__WHAT THE TASK REQUIRES__
Each record should be written out exactly as it stands.

__AVAILABLE DATA__

━━━━━━━━━━━━━━━━

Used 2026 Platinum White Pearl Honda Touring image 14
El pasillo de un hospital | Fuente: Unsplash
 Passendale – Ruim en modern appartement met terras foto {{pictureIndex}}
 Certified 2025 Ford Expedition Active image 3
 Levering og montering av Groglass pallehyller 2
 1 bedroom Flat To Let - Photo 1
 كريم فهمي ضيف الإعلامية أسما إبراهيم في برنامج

━━━━━━━━━━━━━━━━

__TASK OUTPUT__
Used 2026 Platinum White Pearl Honda Touring image 14
El pasillo de un hospital | Fuente: Unsplash
 Passendale – Ruim en modern appartement met terras foto {{pictureIndex}}
 Certified 2025 Ford Expedition Active image 3
 Levering og montering av Groglass pallehyller 2
 1 bedroom Flat To Let - Photo 1
 كريم فهمي ضيف الإعلامية أسما إبراهيم في برنامج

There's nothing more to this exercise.